When nothing in particular happens in the life of a man and his country, the man might believe his existence to be stable and eternal. In fact, that life – where time is measured in career changes, in the purchases of new houses or cars, in family gatherings, in weddings and divorces – truly is stable. The man who lives in one of the world’s ‘hot spots’, or who simply lives next to an active volcano, has a different view of time. The worth of each day, each hour experienced, proves infinitely greater than that of a peaceful week. When you live next to a volcano, real or metaphorical, the day is filled with so many events that it proves physically impossible to remember them all. These events inevitably end up in the history books, sometimes comprising only a few lines, sometimes one or two pages.
I now understand why, when I was at school, I much preferred reading the private diaries of writers or politicians who had witnessed history to reading actual history books. I remember the diary of the great Russian poet Alexander Blok, covering the years 1917–18. I remember Franz Kafka’s diary, and I remember in particular the diary – which I read recently in its complete version – of the famous Ukrainian film-maker Alexander Dovzhenko, in which he would sing the praises of Stalin or revile the Jews and the Ukrainians, just in case he was arrested and the KGB read his notebooks, so he would be able to point out these passages as proof of his loyalty to the Soviet regime.
I have kept diaries for more than thirty years. Several times, my Ukrainian editors have asked to publish them, even if only fragments of them, but until now I have never been able to force myself to extract from these private writings anything I was ready to share with readers.
And then, having been led on more than one occasion into the path of a whirlwind of history, I found myself the witness to the dramatic events that arose in November 2013 in Ukraine, events of which we have not yet seen the end. I do not know what will happen next, or what lies in store for me and my family. I only hope that everything will be all right.

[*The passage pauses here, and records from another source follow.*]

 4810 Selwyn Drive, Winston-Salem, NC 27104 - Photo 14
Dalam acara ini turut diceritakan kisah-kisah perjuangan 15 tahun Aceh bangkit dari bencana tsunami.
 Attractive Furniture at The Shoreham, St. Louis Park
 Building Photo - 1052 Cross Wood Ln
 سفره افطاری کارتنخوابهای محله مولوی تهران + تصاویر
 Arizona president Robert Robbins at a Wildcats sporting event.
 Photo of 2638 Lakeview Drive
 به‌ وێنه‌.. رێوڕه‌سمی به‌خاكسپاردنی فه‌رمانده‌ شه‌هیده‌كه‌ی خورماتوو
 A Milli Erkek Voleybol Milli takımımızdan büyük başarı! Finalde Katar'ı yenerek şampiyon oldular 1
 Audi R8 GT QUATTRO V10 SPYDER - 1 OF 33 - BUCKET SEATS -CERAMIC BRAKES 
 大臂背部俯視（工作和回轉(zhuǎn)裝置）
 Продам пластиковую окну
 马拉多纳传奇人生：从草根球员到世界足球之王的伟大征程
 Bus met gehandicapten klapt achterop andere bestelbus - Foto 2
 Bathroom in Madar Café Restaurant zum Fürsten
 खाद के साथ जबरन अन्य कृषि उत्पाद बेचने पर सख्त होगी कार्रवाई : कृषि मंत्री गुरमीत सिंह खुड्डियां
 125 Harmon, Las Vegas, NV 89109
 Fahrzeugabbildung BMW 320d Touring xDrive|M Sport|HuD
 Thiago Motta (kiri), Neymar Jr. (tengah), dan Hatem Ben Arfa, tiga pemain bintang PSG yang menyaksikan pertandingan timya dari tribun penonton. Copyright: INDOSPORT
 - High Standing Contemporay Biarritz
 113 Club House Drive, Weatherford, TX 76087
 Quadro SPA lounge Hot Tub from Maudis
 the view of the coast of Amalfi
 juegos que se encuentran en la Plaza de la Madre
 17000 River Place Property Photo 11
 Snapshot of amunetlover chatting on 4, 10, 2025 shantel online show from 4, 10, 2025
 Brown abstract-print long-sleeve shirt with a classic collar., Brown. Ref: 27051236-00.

I am not leaving. I am not shying away from reality. I live each day in the very centre of reality. All five of us – myself, my wife Elizabeth, and our children Gabriela, Theo and Anton – continue to live in the same apartment, in the heart of Kiev, five hundred yards from the Maidan Nezalezhnosti, Ukraine’s Independence Square. From our balcony we have seen smoke rise from blazing barricades, we have heard the explosions of grenades and gunshots. Life goes on, throughout all of this; not once has it stopped. And I have recorded this life almost every day, so that I can attempt, now, to recount it to you in detail. A life in times of revolution, a life spent waiting for war. A war that, as I write these words, seems terribly close, closer than ever.